Instead, she wanted to create an actress adrift and alone, without the supportive family and friends Thorne-Smith says got her through rough patches.
"There's so many young women today who look so lost. And I feel like, of course they're lost. They have no one around them to give them real, authentic reflection. Nowhere they can go and say, 'I'm having a hard day,' where someone's not going to say, 'Well, you have to work anyway because you're paying my bills.' "
Although Thorne-Smith doesn't name names, it's easy to conjure up sad images of Lindsay Lohan or Britney Spears as she talks.
Her own life seems well-ordered. She's awaiting not only the September publication of her novel but also the arrival of her first child this winter, with her new husband, Roger Fishman. She's also fitting in a seventh year of "According to Jim," scheduled to return at midseason.
The actress clearly is relishing her circumstances -- especially the prospect of parenthood. She was lucky, at age 39, to meet "my guy," the man with whom she wanted to have a family. She and Fishman, 46, married this year.
"We both sort of had to say, 'I don't know if this is going to happen for me.' The fact it's happening is just astounding," she said.
When it comes to her other baby, "Outside In" (Broadway Books), there's no getting around the fact that it's based in Thorne-Smith's world even if she scrupulously avoids attaching real celebrity faces to the characters.

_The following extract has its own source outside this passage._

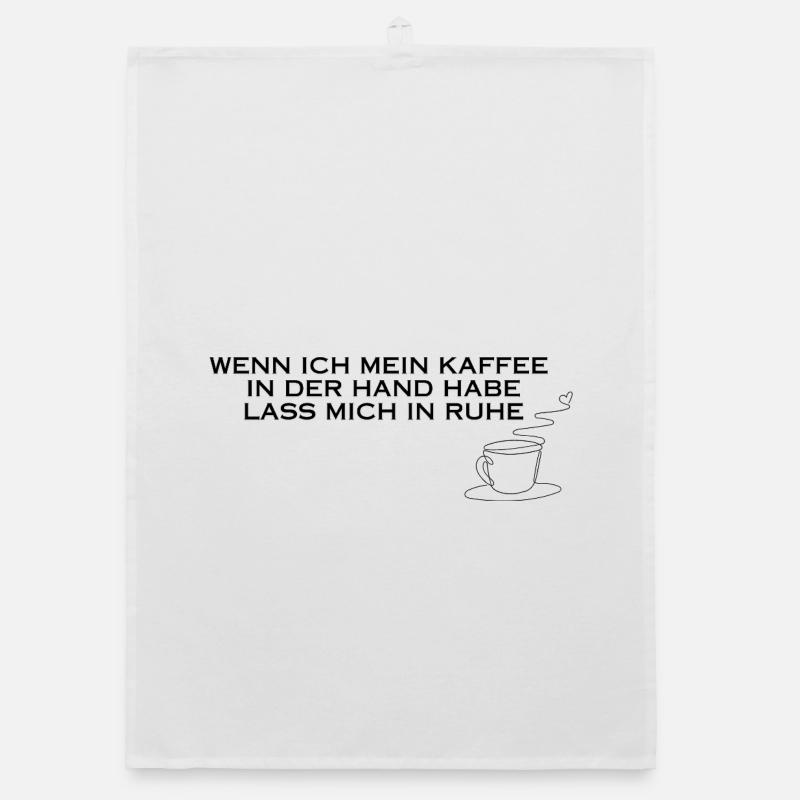 Café à la main Torchon bio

The star of "Outside In" is Kate, an insecure actress who's got a tenuous grip on her self-esteem, career, and marriage to Hamilton, a Svengali who's also her manager. Sapphire Rose is her nemesis. Isolated Kate has few resources to muster: At her lowest emotional point, Kate's mom tries to use her celebrity daughter as a party auction item. Kate does find solace in the friendship of makeup artist Paige.
The fictional characters embody real Hollywood misbehavior. Narcissistic diva Sapphire Rose is "an exaggerated composite of every frustration I've ever had on set," Thorne-Smith said. "I've had people acting out in what I considered spoiled behavior. I've waited on set hours and hours for a variety of people for a variety of reasons, and it makes me crazy. Unfortunately, the problem in Hollywood is [such conduct] is supported."
Thorne-Smith seems to have come to grips with the downside of her business -- and extracted some satisfaction by targeting the guilty parties in "Outside In."
But it's Kate and Paige who are at the heart of the book, she said. "It's really a story about female friendship and how that first connection helped her to find herself."